OsNAC103 Can Positively Regulate Leaf Senescence in Rice

Leaf senescence is regulated by both internal gene networks and external environmental factors. In the regulatory gene networks of leaf senescence in plants, lager number of TFs are involved in these processes and play crucial roles. The plant-specific NAC TFs have been reported that played positive or negative roles in the regulation of leaf senescence. For examples, ONAC106 and OsNAC109 are two senescence-inhibiting TFs (Sakuraba et al. 2015; Li et al. 2021). AtNAP in Arabidopsis (Guo and Gan 2006; Kou et al. 2012; Zhang and Gan 2012; Yang et al. 2014), and OsNAP, OsNAC2, ONAC096 and ONAC054 in rice were acted as senescence-promoting TFs (Zhou et al. 2013; Liang et al. 2014; Mao et al. 2017; Kang et al. 2019; Sakuraba et al. 2020). In this study, we identified a novel NAC family member, OsNAC103, playing an important role in the regulation of rice leaf senescence. Our results showed that OsNAC103 had a transcriptional activity and was localized in the nucleus (Figs. 1 and 2), suggesting that OsNAC103 serves as a transcription factor. Expression analysis indicated that OsNAC103 mRNA level was dramatically induced in senescent leaves (Fig. 3E–G, N–Q), demonstrating that OsNAC103 is involved in the regulation of leaf senescence. Further genetic evidences showed that overexpression of OsNAC103 promoted leaf senescence and the mutation of OsNAC103 delayed leaf senescence under natural condition and DIS condition (Figs. 5A–C and 7A, B). Meanwhile, the expression of SAGs was up-regulated in OsNAC103-OE lines (Fig. 9A–H). These results confirmed that OsNAC103 can positively regulate leaf senescence in rice.

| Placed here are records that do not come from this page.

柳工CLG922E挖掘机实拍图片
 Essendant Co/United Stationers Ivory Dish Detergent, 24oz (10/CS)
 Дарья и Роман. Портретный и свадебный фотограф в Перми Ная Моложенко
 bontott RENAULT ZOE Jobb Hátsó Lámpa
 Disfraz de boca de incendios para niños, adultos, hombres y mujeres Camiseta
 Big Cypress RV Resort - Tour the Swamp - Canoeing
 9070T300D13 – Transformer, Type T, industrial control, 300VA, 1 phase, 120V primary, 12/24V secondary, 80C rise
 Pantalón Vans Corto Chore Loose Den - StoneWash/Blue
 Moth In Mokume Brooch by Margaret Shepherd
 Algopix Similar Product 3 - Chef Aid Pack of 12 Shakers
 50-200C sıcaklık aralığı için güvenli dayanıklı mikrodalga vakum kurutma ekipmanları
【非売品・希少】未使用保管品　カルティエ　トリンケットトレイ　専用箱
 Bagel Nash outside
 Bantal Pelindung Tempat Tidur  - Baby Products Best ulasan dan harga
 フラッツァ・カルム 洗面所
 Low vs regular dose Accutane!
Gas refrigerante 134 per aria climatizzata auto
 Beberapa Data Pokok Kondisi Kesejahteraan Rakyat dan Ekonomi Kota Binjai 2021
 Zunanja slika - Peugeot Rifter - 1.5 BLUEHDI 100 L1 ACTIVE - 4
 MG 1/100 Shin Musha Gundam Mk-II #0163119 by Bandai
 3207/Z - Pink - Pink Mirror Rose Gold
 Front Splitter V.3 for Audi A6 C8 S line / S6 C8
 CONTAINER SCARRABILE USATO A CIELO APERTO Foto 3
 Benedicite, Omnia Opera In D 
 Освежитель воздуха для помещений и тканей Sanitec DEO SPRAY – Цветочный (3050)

In addition, OsNAC103 mRNA levels were induced by different phytohormones and abiotic stresses such as ABA, MeJA and drought (Fig. 4A, B, E). Further experiments confirmed that OsNAC103 promotes ABA, JA and stress-induced leaf senescence (Figs. 7 and 8), indicating that OsNAC103 may regulate leaf senescence through ABA and JA signal pathways. In Arabidopsis, AtNAP was induced by ABA and could directly bind to the promoter region of SAG113 to regulate ABA-mediated stomatal movement and water loss during leaf senescence (Zhang and Gan 2012). In rice, OsNAC2 bound directly to the promoters of ABA biosynthesis genes OsNCED3 and OsZEP1 and ABA catabolic gene OsABA8ox1 to lead to an increase in ABA levels, promoting leaf senescence (Mao et al. 2017). ONAC054 could bind the promoters of OsABI5 and OsABF4, key genes of ABA signal pathway, to up-regulate their expression, thus regulated ABA-induced leaf senescence (Sakuraba et al. 2020). ONAC096 could up-regulate the expression levels of OsABI5 and OsEEL to promote leaf senescence (Kang et al. 2019). In addition, OsNAP regulated leaf senescence through upregulating the expression of JA biosynthesis genes OsLOX2, OsAOC and OsOPR7 (Zhou et al. 2013). In our result, the expression of OsABI5, OsbZIP23 and OsABA8ox3 in ABA pathway and OsLOX4, OsAOS2, OsAOC, OsOPR7 and OsCOI1b in JA pathway were significantly up-regulated or down-regulated in OsNAC103-OE lines and osnac103 mutants (Fig. 9I–P). Further yeast one hybrid analysis showed that OsNAC103 did not indirectly interact with the promoters of SAGs including OsSGR, OsNYC1, OsNYC3, OsPAO, OsRCCR and OsSAG12 (Additional file 1: Fig. S7). Based on these results, we speculate that OsNAC103, as a transcription factor, may bind the promoters of key genes associated with ABA or JA pathways to regulate ABA or JA-induced leaf senescence. Future chromatin immunoprecipitation (ChIP) and luciferase (LUC) activity assays will provide possible evidences for their interaction.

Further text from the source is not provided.